How are extreme temperatures and drought impacting food security?

Extreme heat and drought can damage crops in a number of ways.

Extreme heat causes stress to plants, making them more susceptible to pests and diseases. It can also impact the quality of the crops, making the produce less nutritious and more susceptible to spoilage.

Drought causes water stress to plants, which can lead to crop failure. Droughts across much of Europe in 2023 led to a significant drop in crop yields. Figures from the World Economic Forum (WEF) show maize yields fell by 25% and soybean production, used largely for animal feed, fell by 10%.

And some countries fared worse than others, with Italy suffering a 30% fall in wheat and rice yields, following its worst drought for 70 years.

But it’s not just European food producers who are struggling. Countries across the globe have experienced drought and extreme high temperatures that have impacted crops.

FoodNavigator recently reported on the current peanut shortage​, caused by changing weather patterns and extreme weather events​ in the growing regions, which supply the EU. Most of the peanuts supplied to the EU come from Argentina.
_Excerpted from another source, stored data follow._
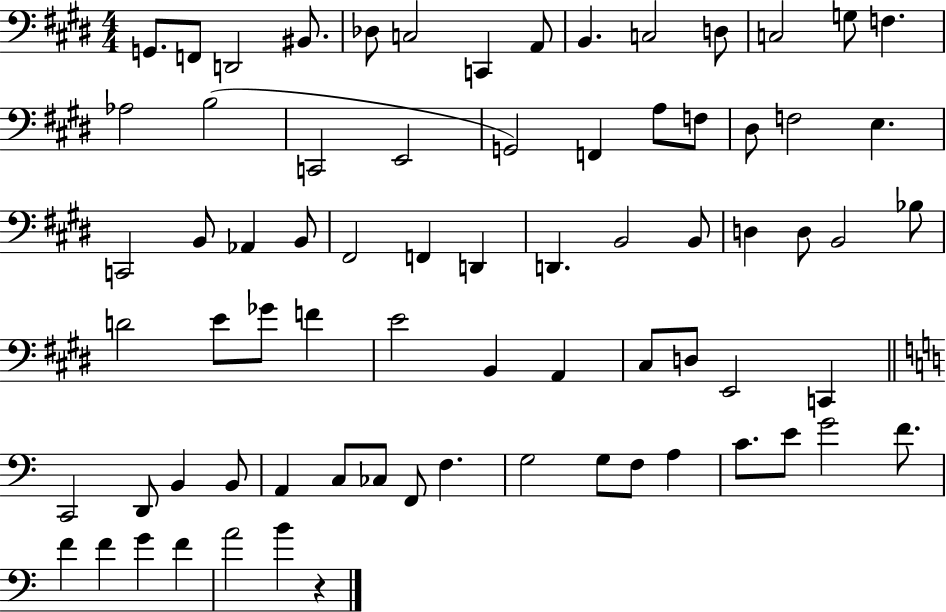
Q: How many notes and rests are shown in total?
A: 74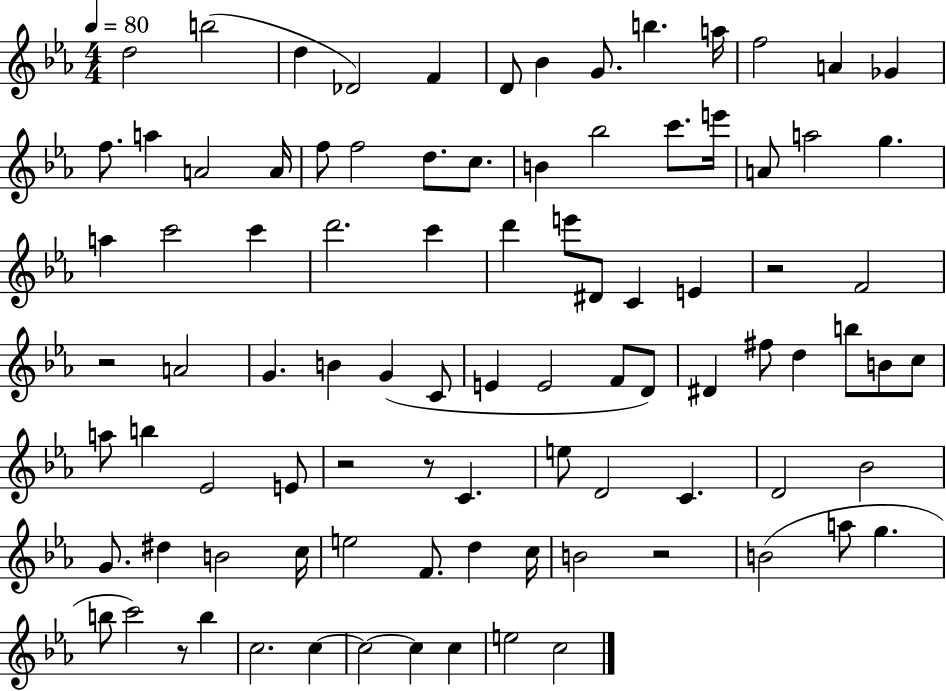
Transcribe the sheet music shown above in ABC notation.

X:1
T:Untitled
M:4/4
L:1/4
K:Eb
d2 b2 d _D2 F D/2 _B G/2 b a/4 f2 A _G f/2 a A2 A/4 f/2 f2 d/2 c/2 B _b2 c'/2 e'/4 A/2 a2 g a c'2 c' d'2 c' d' e'/2 ^D/2 C E z2 F2 z2 A2 G B G C/2 E E2 F/2 D/2 ^D ^f/2 d b/2 B/2 c/2 a/2 b _E2 E/2 z2 z/2 C e/2 D2 C D2 _B2 G/2 ^d B2 c/4 e2 F/2 d c/4 B2 z2 B2 a/2 g b/2 c'2 z/2 b c2 c c2 c c e2 c2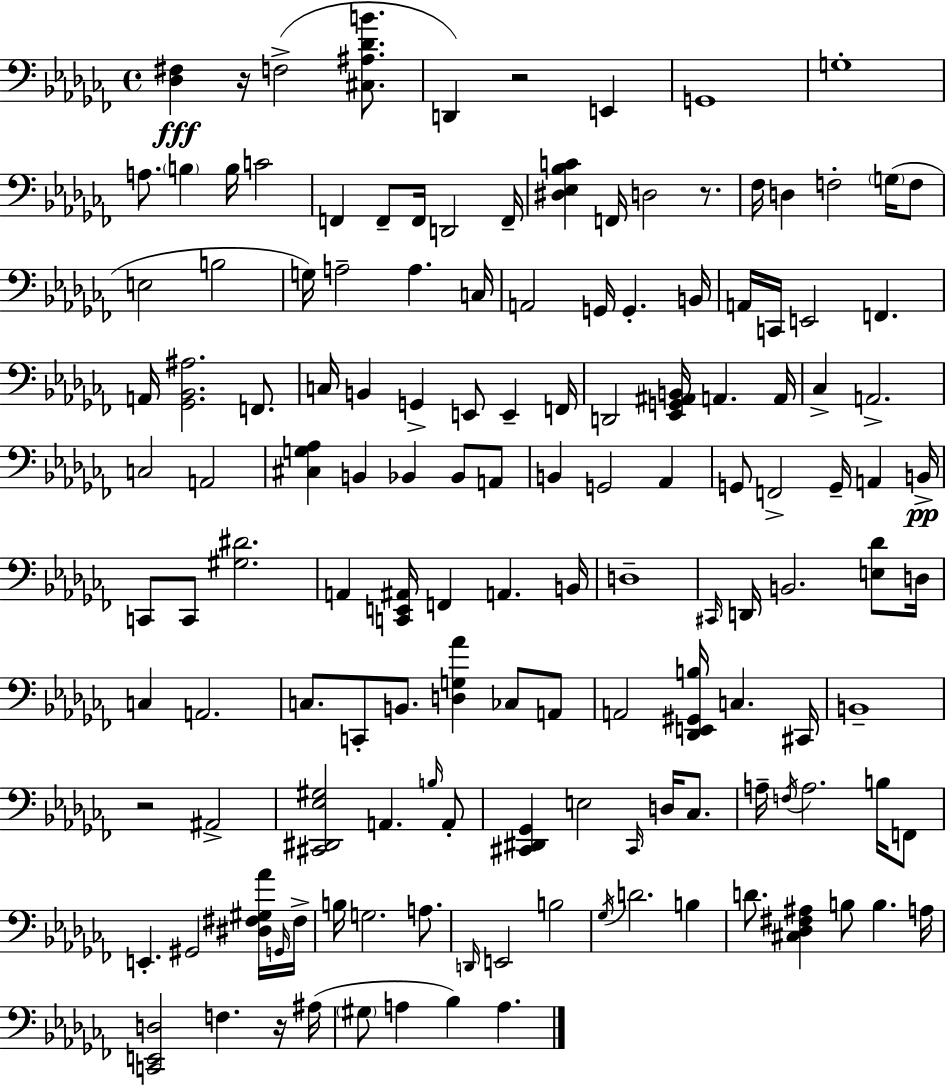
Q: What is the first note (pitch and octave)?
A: F3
However, Argentina was affected by drought during the 2022/23 growing season, with environmental analyst firm, Gro Intelligence calling it, “one of the worst droughts in the past two decades". This put significant pressure on farmers who produced lower yields than normal.

Heatflation - olive grove - GettyImages-Gwenvidig
Heatflation: What is it and how is it impacting the food industry? GettyImages/Gwenvidig

How are extreme temperatures and drought impacting food prices?
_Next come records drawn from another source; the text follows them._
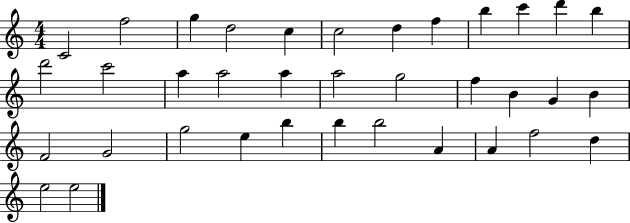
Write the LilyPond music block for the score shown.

{
  \clef treble
  \numericTimeSignature
  \time 4/4
  \key c \major
  c'2 f''2 | g''4 d''2 c''4 | c''2 d''4 f''4 | b''4 c'''4 d'''4 b''4 | \break d'''2 c'''2 | a''4 a''2 a''4 | a''2 g''2 | f''4 b'4 g'4 b'4 | \break f'2 g'2 | g''2 e''4 b''4 | b''4 b''2 a'4 | a'4 f''2 d''4 | \break e''2 e''2 | \bar "|."
}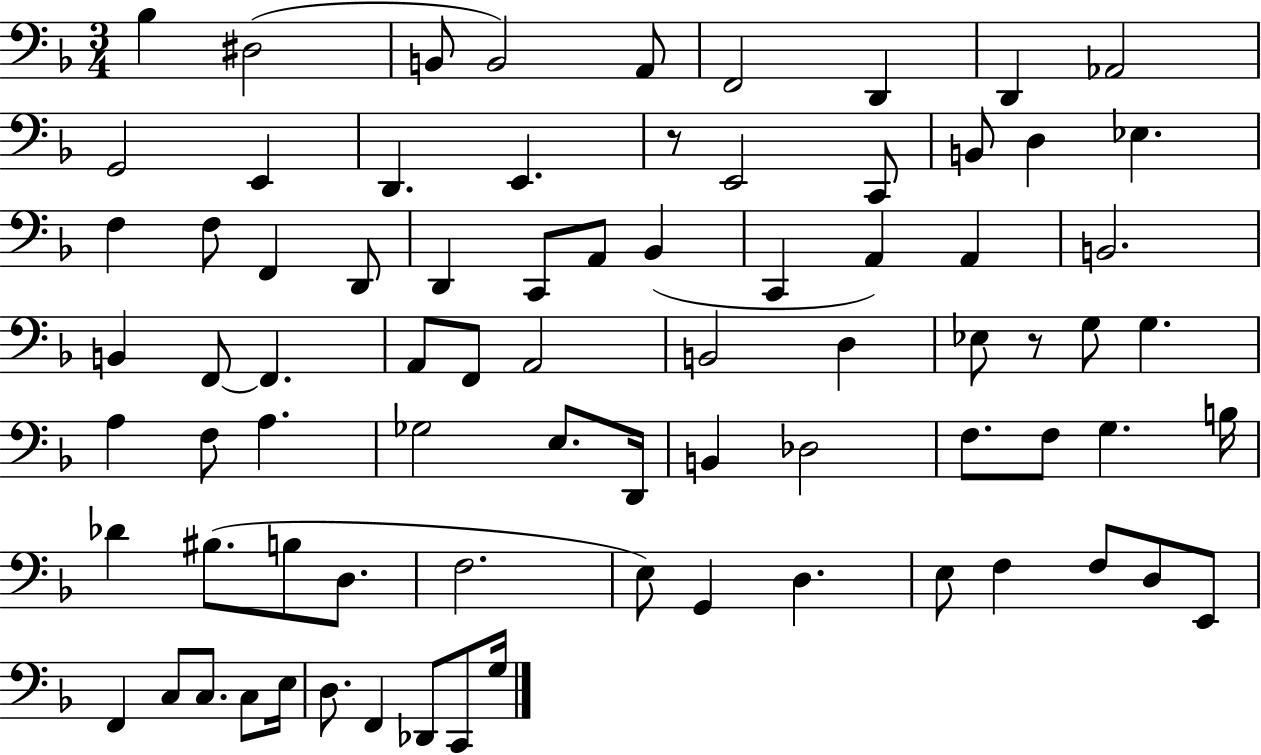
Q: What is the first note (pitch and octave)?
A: Bb3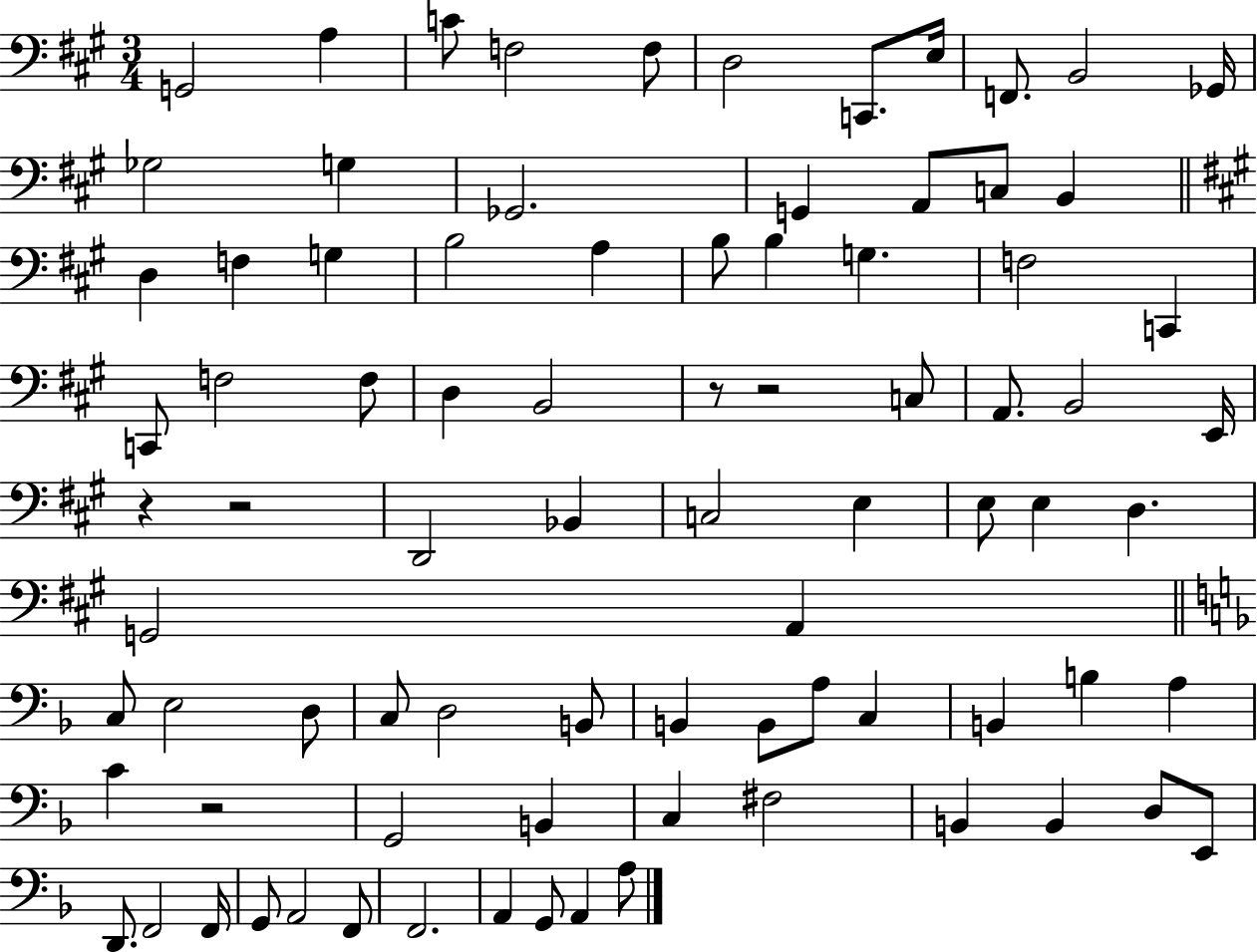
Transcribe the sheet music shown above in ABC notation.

X:1
T:Untitled
M:3/4
L:1/4
K:A
G,,2 A, C/2 F,2 F,/2 D,2 C,,/2 E,/4 F,,/2 B,,2 _G,,/4 _G,2 G, _G,,2 G,, A,,/2 C,/2 B,, D, F, G, B,2 A, B,/2 B, G, F,2 C,, C,,/2 F,2 F,/2 D, B,,2 z/2 z2 C,/2 A,,/2 B,,2 E,,/4 z z2 D,,2 _B,, C,2 E, E,/2 E, D, G,,2 A,, C,/2 E,2 D,/2 C,/2 D,2 B,,/2 B,, B,,/2 A,/2 C, B,, B, A, C z2 G,,2 B,, C, ^F,2 B,, B,, D,/2 E,,/2 D,,/2 F,,2 F,,/4 G,,/2 A,,2 F,,/2 F,,2 A,, G,,/2 A,, A,/2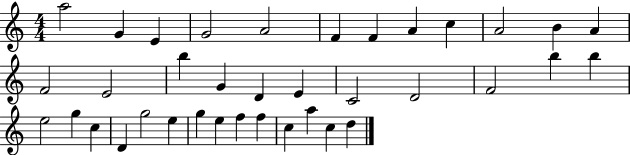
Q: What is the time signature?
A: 4/4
This strain on global food security is inevitably leading to an increase in food prices, or heatflation, as demand for food continues to rise with the rising global population.

Commodities such as olive oil​ and sugar​ have seen a noticeable increase in price, over recent months and years, directly linked to high temperatures and drought conditions in the growing regions.

Speaking on heatflation affecting the cost of olive oil, marketing manager for Italian olive oil brand Filippo Berio, Lisa Mullins, told FoodNavigator, “the increase has been caused by drought conditions, particularly in southern Spain, which is the largest producing country".

This is particularly concerning as some parts of Spain are already reported to be experiencing drought conditions this year, despite it only being spring. This casts doubts on the success of future crops.

Furthermore, a joint report from the UN’s World Meteorological Organization and the European Union’s climate agency, Copernicus, said that Europe is the fastest-warming continent on the planet, with temperatures rising at roughly twice the global average.

Similarly, heatflation on the cost of sugar can also be directly traced back to drought in Europe. The EU is the world’s leading producer of sugar beet, producing approximately 50% of the total amount produced annually, so disruption affects global supply.

Additionally, sugar cane production in major producing countries, such as Brazil, has also been affected by extreme weather conditions pushing prices up. The global cost of sugar has risen to its highest level since 2011, following concerns of underproduction rates from countries such as Thailand, which is facing a severe drought. Similarly, India saw sugar prices jump by more than 3% in two weeks, in September 2023, reaching their highest level in six years. This followed a period of low rainfall in the country's key growing regions and raised serious production concerns, for the upcoming growing season.

What can be done to protect future food security?

As extreme high temperatures and drought continue to negatively impact food production, it is becoming increasingly clear that measures need to be taken to create more resilient food systems​ and protect future food security. With this in mind, the World Economic Forum (WEF) has detailed a number of ways countries can work to mitigate the effects of, and tackle, heatflation.

  • Investing in more resilient agricultural practices, such as drought-resistant crops and irrigation systems.
  • Diversifying food production so that we are not reliant on a few staple crops.
  • Reducing food waste so that we make the most of the food that we produce.
  • Supporting policies that promote food security, such as subsidies for farmers and food banks.